Social Media Misidentifies Spanish Lake Man as St. Louis School Shooter

"I want a check," says Deshawn Harris, who was wrongly identified by Gateway Pundit

Oct 26, 2022 at 5:03 pm
Deshawn Harris, 23, of Spanish Lake, wants everyone to know he is not 19-year-old Orlando Deshawn Harris.
Courtesy Deshawn Harris
Deshawn Harris, 23, of Spanish Lake, has been mistaken for 19-year-old Orlando Deshawn Harris, an alleged school shooter.

A 23-year-old former Hazelwood East student has had his life turned upside down after some in the media mistook his Facebook account as belonging to Monday's school shooting suspect, Orlando Deshawn Harris.

Deshawn Harris, who currently lives in Spanish Lake, says that when he got off work Monday, "Everybody was posting me on Facebook, tagging me. I kept untagging. I said, 'Why does everybody keep tagging me on Facebook?'

"People were talking about how I did horrible stuff for killing this person," Harris says. "I didn't even know this person."

On Monday evening, when St.
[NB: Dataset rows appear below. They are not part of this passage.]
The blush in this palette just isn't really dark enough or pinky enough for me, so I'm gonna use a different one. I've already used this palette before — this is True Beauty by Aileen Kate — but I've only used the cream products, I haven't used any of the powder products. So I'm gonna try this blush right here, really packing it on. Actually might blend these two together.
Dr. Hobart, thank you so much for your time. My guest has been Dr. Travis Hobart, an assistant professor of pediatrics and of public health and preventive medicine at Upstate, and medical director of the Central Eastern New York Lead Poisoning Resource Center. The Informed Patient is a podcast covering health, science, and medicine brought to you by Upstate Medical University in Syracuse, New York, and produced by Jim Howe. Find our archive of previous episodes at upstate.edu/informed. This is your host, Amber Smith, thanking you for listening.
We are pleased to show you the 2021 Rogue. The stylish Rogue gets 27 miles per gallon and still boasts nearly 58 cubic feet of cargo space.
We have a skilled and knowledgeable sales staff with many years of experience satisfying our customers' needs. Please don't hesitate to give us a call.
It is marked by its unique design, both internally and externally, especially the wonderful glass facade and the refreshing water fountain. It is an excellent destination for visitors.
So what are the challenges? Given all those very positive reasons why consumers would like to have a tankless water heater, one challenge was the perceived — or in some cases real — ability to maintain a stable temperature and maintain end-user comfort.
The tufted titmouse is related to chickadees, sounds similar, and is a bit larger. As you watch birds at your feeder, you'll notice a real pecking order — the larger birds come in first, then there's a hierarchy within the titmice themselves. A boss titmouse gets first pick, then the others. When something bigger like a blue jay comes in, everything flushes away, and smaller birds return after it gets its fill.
Louis police released the name of the 19-year-old suspected of killing a teacher and a student at Central Visual and Performing Arts High School, journalists and amateur sleuths were in a mad dash to find more information on the alleged shooter.
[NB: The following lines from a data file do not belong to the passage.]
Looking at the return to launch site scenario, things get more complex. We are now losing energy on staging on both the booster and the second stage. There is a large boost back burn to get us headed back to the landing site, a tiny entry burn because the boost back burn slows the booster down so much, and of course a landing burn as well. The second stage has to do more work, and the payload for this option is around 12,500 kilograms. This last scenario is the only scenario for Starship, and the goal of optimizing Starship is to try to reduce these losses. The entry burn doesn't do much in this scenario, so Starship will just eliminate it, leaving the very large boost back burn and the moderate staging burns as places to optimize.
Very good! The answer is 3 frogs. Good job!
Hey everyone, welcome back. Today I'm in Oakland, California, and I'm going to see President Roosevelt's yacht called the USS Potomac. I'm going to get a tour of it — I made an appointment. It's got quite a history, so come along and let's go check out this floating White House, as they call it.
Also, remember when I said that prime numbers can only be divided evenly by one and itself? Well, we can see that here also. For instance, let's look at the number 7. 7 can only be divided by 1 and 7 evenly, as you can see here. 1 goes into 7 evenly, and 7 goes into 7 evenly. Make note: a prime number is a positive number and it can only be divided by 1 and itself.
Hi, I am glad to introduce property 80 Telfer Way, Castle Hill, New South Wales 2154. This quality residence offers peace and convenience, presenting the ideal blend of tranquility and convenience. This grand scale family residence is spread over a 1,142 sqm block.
It didn't take long for many of them to come across Deshawn Harris's Facebook profile, much of which was set to public and included photos of him holding a long gun.

The Gateway Pundit included numerous screenshots from Deshawn's profile under the headline "MASS SHOOTER IDENTIFIED in St. Louis School Shooting – Deshawn Orlando Harris posted Threat on Social Media and Numerous Photos with Guns."
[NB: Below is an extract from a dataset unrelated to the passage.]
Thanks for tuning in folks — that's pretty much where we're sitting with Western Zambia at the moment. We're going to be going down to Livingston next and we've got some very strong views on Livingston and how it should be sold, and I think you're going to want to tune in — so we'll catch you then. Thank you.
People began commenting on old posts of his. "You killed a child bro," began one commenter. "And now YO DED fool...good riddance," wrote another.

"I don't want my son all over that type of stuff," Debra Harris, Deshawn's mom, told RFT. She said that her sister and nieces have called her worried.

Harris said that he's been trying to stay inside as much as possible since Monday, afraid that the case of mistaken identity online might lead to someone trying to hurt him in real life.

Harris says he wants to know what sort of legal options he has to clear his name.

"I want someone to cut me out a check," he says.